Semprônia está lendo as belas sentenças dos poetas para as meninas. As meninas copiam e aprendem as sentenças. Eis as sentenças:

1. Não aprendemos para a escola, mas para a vida.

2. A história é a mestra da vida.

3. A águia não captura moscas.

4. É melhor receber do que cometer uma ofensa (É melhor ser ofendido do que ofender).

As sentenças dos poetas agradam às meninas.
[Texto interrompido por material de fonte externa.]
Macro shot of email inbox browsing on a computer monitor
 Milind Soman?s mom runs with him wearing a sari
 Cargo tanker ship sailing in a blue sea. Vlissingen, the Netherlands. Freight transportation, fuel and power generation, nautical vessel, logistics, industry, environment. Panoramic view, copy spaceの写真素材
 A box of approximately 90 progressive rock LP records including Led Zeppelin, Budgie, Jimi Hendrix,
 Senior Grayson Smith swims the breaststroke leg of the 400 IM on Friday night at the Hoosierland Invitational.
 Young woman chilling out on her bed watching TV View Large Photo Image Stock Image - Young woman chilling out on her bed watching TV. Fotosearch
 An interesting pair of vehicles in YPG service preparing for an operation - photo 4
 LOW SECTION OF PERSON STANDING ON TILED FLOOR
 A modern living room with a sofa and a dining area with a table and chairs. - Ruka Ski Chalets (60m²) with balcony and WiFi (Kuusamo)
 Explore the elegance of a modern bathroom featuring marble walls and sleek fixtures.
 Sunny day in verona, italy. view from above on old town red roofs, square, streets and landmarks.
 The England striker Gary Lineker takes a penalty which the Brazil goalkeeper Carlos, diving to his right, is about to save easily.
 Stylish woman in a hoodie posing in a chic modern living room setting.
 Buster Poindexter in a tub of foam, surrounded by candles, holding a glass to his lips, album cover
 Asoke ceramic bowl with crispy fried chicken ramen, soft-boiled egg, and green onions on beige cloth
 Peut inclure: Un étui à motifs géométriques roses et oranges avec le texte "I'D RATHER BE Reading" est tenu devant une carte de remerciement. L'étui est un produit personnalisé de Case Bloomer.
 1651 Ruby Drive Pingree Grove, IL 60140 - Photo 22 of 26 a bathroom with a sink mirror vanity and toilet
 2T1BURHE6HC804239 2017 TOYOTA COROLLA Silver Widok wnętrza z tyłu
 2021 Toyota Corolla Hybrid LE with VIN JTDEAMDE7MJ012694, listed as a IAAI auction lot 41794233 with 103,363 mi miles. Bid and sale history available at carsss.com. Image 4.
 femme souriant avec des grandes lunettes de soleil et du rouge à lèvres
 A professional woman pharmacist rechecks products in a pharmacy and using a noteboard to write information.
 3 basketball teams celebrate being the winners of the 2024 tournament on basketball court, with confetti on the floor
(Não pude deixar de me lembrar desta cena do célebre filme Sociedade dos Poetas Mortos, com uma curta cena de uma aula chatérrima de latim com a declinação da palavra agricola, rs.)

A VIDA DOS AGRICULTORES

Os agricultores sempre vivem ao ar livre. Dormem pouco e se levantam cedo. Aram a terra e regam as plantas com água. Ouvem os passarinhos e se alegram com a sombra das árvores. A laboriosidade dos agricultores nutre a pátria. Os poetas louvam a vida dos agricultores.


SOBRE A ARANHA E A MOSCA

A aranha mora sobre a janela. Ela tece uma teia e espera o jantar.

Da rua, uma pequena mosca entra voando pela janela. Enquanto examina (ou “Ao examinar”) o belo tecido, subitamente cai na teia.

A aranha acorre e agarra o inseto curioso.

Por causa da imprudência, a mosca perde a vida.